**Information supplied**
◆ ◆ ◆ ◆ ◆

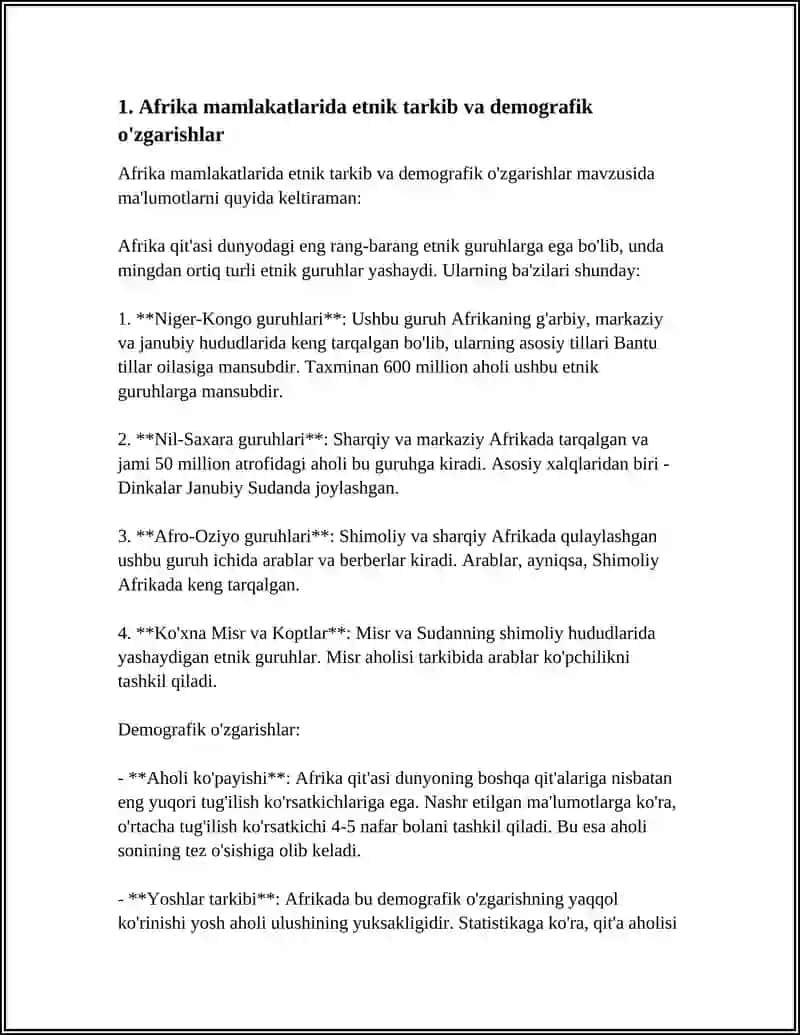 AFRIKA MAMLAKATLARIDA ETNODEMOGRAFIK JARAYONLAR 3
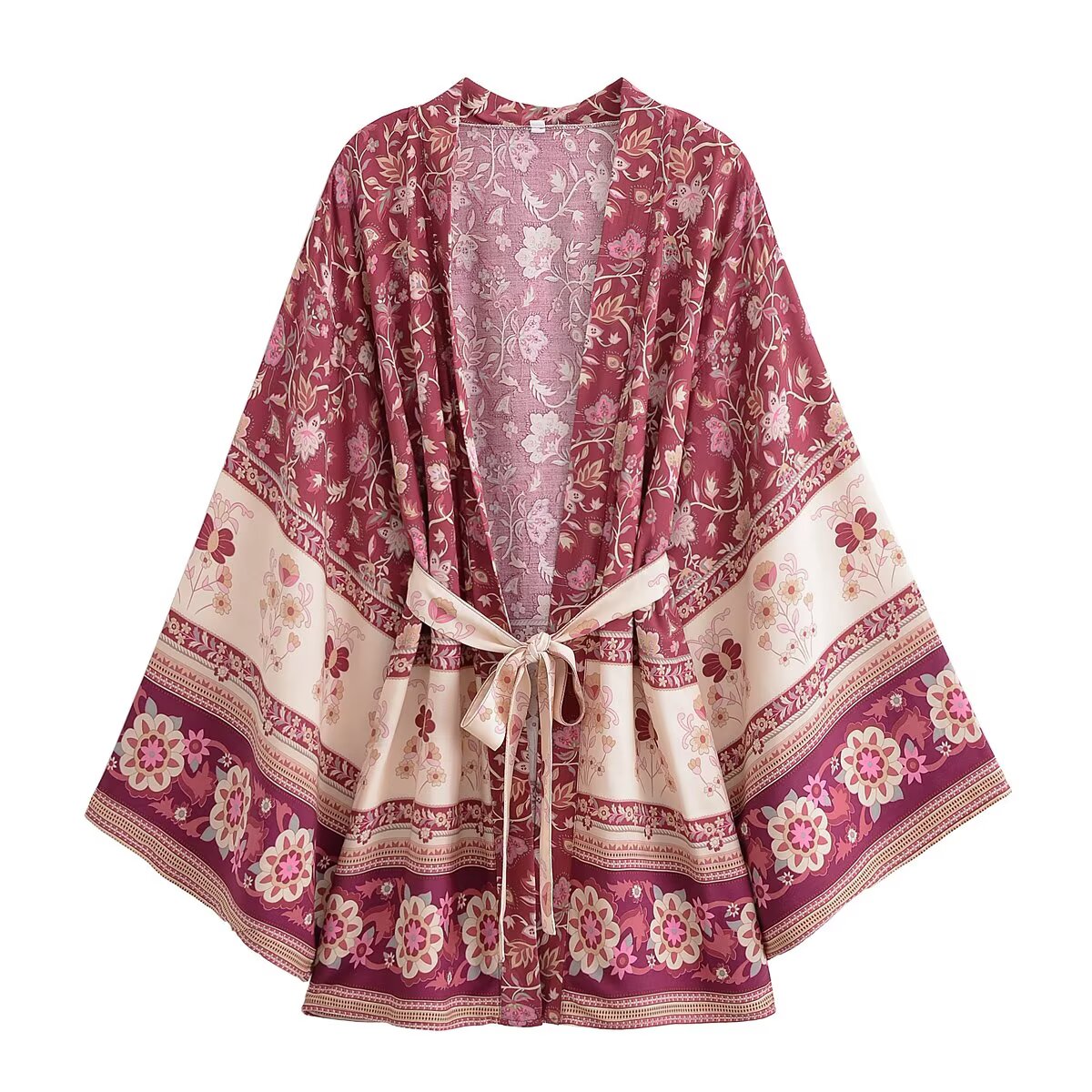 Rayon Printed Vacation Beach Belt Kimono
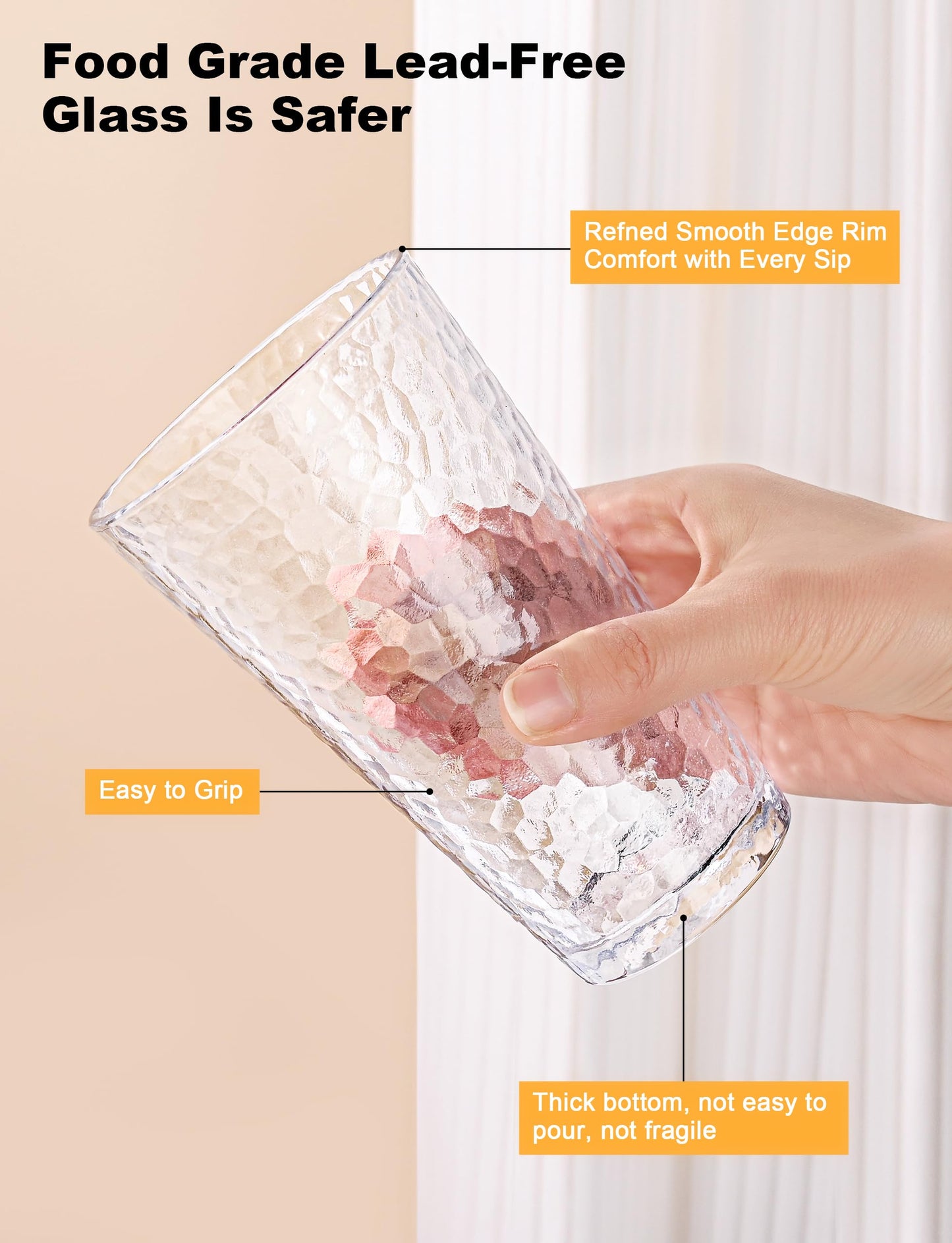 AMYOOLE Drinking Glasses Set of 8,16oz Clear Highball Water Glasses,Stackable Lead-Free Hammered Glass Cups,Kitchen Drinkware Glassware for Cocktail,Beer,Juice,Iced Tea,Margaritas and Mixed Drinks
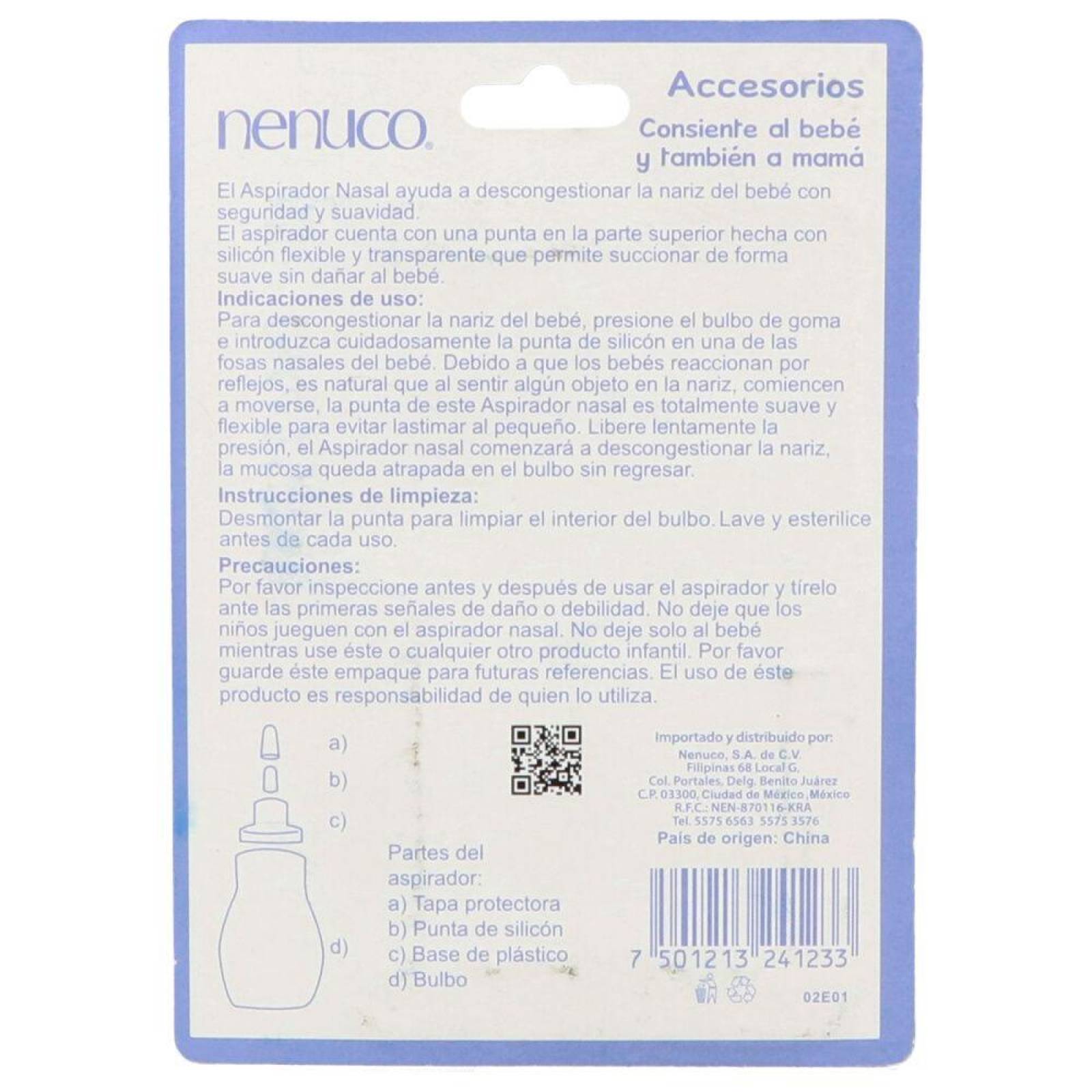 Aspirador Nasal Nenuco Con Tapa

◆ ◆ ◆ ◆ ◆

**Task**
Repeat all the data as it stands, dropping any images it holds.

**Your solution**
 AFRIKA MAMLAKATLARIDA ETNODEMOGRAFIK JARAYONLAR 3
 Rayon Printed Vacation Beach Belt Kimono
 AMYOOLE Drinking Glasses Set of 8,16oz Clear Highball Water Glasses,Stackable Lead-Free Hammered Glass Cups,Kitchen Drinkware Glassware for Cocktail,Beer,Juice,Iced Tea,Margaritas and Mixed Drinks
 Aspirador Nasal Nenuco Con Tapa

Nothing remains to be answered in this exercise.